Renewable Energy Prediction: One Watt at a Time

Unveiling Trends in Renewable Energy 🌍🔋

The Data Scientist Master

📖 Background

The race to net-zero emissions is heating up. As nations work to combat climate change and meet rising energy demands, renewable energy has emerged as a cornerstone of the clean transition. Solar, wind, and hydro are revolutionizing how we power our lives. Some countries are leading the charge, while others are falling behind. But which nations are making the biggest impact? What’s driving their success? And what lessons can we learn to accelerate green energy transition?

As a data scientist at NextEra Energy, one of the world’s leading renewable energy providers, your role is to move beyond exploration, into prediction.

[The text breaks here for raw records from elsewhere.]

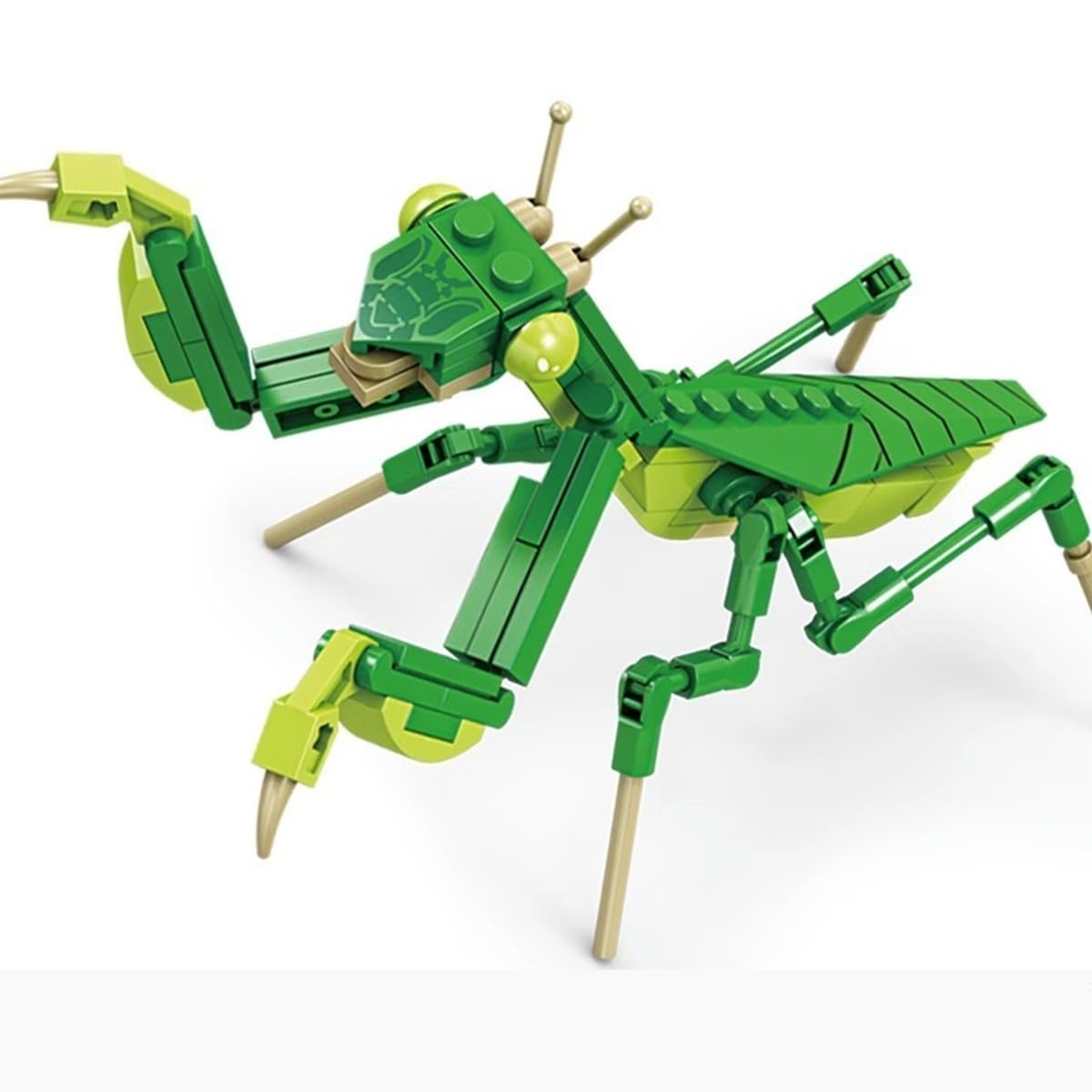 YNTOXIN Insect Building Block Toy Set Mantis,Butterfly, Beetle, Dragonfly, Bee, Snail, Nature Decoration, Adult Boys Girls toys Mantis 80040-1 103PCS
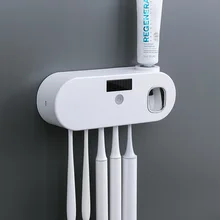 New Toothbrush UV Sterilizer Toothpaste Squeezer 2 in 1 UV Light Anti-bacteria Toothbrush Bacteria Killing Sanitizing Machine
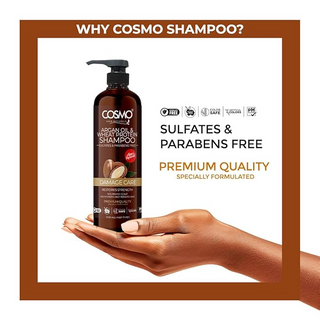 Cosmo Argan Oil & Wheat Protein Shampoo 100ml- Strengthening & Repair Formula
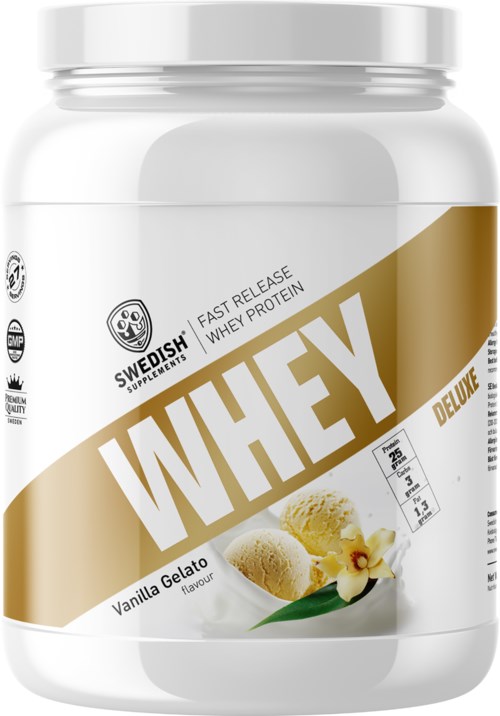 Swedish Supplements Whey Protein Deluxe Vanilla Gelato 900 g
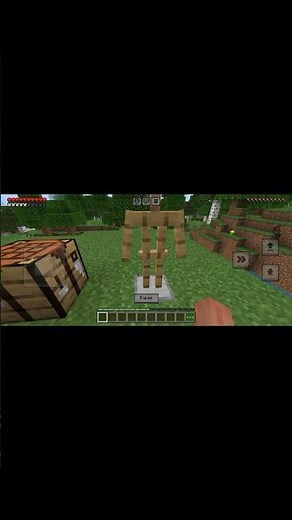 Minecraft how to make armour stand #minecraft #game #gaming #viral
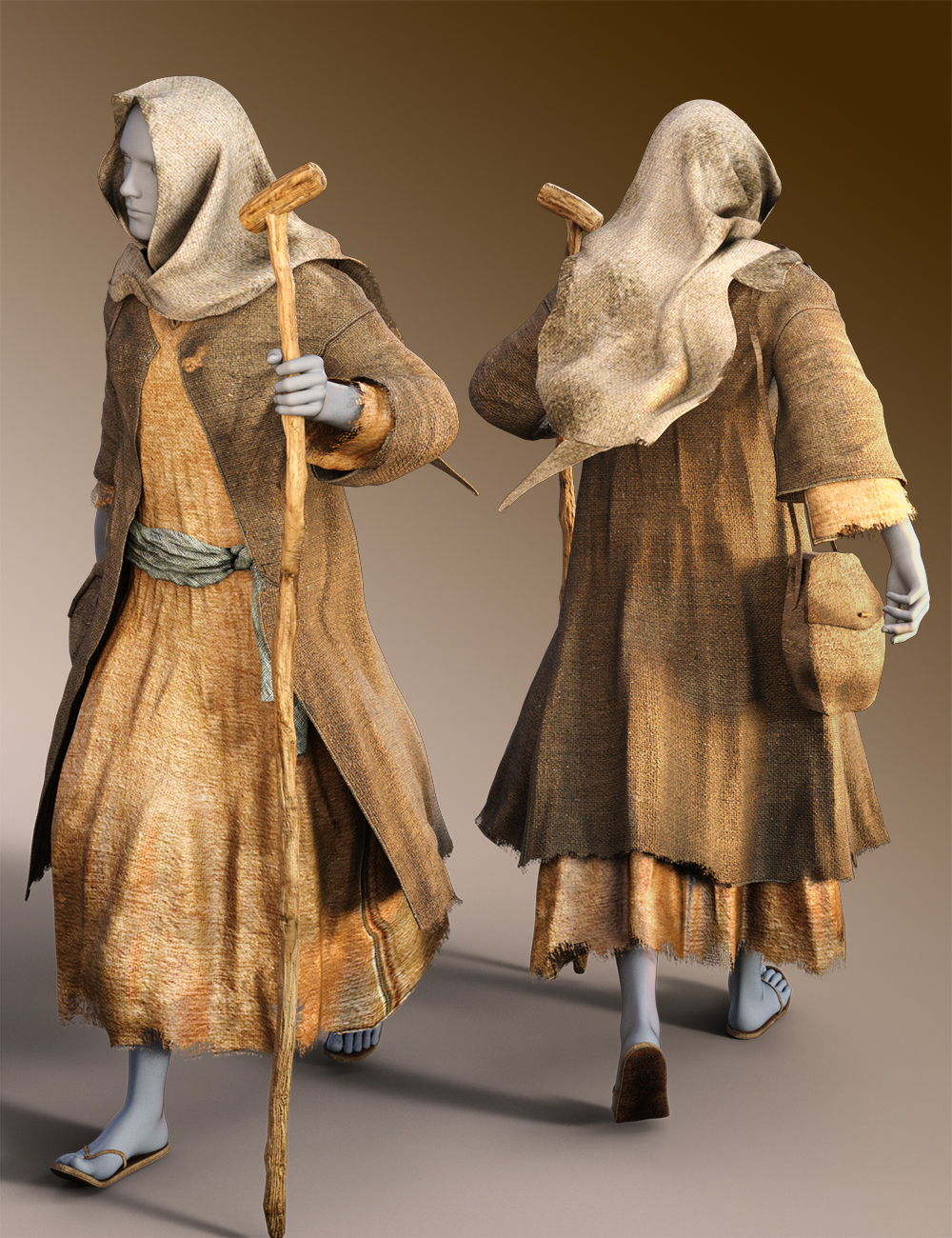 Desert Robes for Genesis 8 Male(s) by: Meshitup, 3D Models by Daz 3D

Using a rich, real-world dataset, you’ll build models to forecast renewable energy production, drawing on indicators like GDP, population, carbon emissions, and policy metrics.

With the world watching, your model could help shape smarter investments, forward-thinking policies, and a faster transition to clean energy. 🔮⚡🌱

💾 The data

Your team has gathered a global renewable energy dataset ("Training_set_augumented.csv") covering energy production, investments, policies, and economic factors shaping renewable adoption worldwide:

🌍 Basic Identifiers

Country – Country name
Year – Calendar year (YYYY)
Energy Type – Type of renewable energy (e.g., Solar, Wind)

⚡ Energy Metrics

Production (GWh) – Renewable energy produced (Gigawatt-hours)
Installed Capacity (MW) – Installed renewable capacity (Megawatts)
Investments (USD) – Total investment in renewables (US Dollars)
Energy Consumption (GWh) – Total national energy use
Energy Storage Capacity (MWh) – Capacity of energy storage systems
Grid Integration Capability (Index) – Scale of 0–1; ability to handle renewables in grid
Electricity Prices (USD/kWh) – Average cost of electricity
Energy Subsidies (USD) – Government subsidies for energy sector
Proportion of Energy from Renewables (%) – Share of renewables in total energy mix

🧠 Innovation & Tech

R&D Expenditure (USD) – R&D spending on renewables
Renewable Energy Patents – Number of patents filed
Innovation Index (Index) – Global innovation score (0–100)

💰 Economy & Policy

GDP (USD) – Gross domestic product
Population – Total population
Government Policies – Number of policies supporting renewables
Renewable Energy Targets – Whether national targets are in place (1 = Yes, 0 = No)
Public-Private Partnerships in Energy – Number of active collaborations
Energy Market Liberalization (Index) – Scale of 0–1

🧑‍🤝‍🧑 Social & Governance

Ease of Doing Business (Score) – World Bank index (0–100)
Regulatory Quality – Governance score (-2.5 to 2.5)
Political Stability – Governance score (-2.5 to 2.5)
Control of Corruption – Governance score (-2.5 to 2.5)

🌿 Environment & Resources

CO2 Emissions (MtCO2) – Emissions in million metric tons
Average Annual Temperature (°C) – Country’s avg. temp
Solar Irradiance (kWh/m²/day) – Solar energy availability
Wind Speed (m/s) – Average wind speed
Hydro Potential (Index) – Relative hydropower capability (0–1)
Biomass Availability (Tons/year) – Total available biomass

EDA

#Reading Data
import numpy as np
import pandas as pd
import matplotlib.pyplot as plt
import seaborn as sns
df = pd.read_csv('data/Training_set_augmented.csv')

df.isna().sum()

Hidden output

df.describe()

df.dtypes

#Changing data types
df['Country'] = df['Country'].astype('category')
df['Energy Type'] = df['Energy Type'].astype('category')
df['Renewable Energy Targets'] = df['Renewable Energy Targets'].astype('bool')
df['Energy Market Liberalization'] = df['Energy Market Liberalization'].astype('float64')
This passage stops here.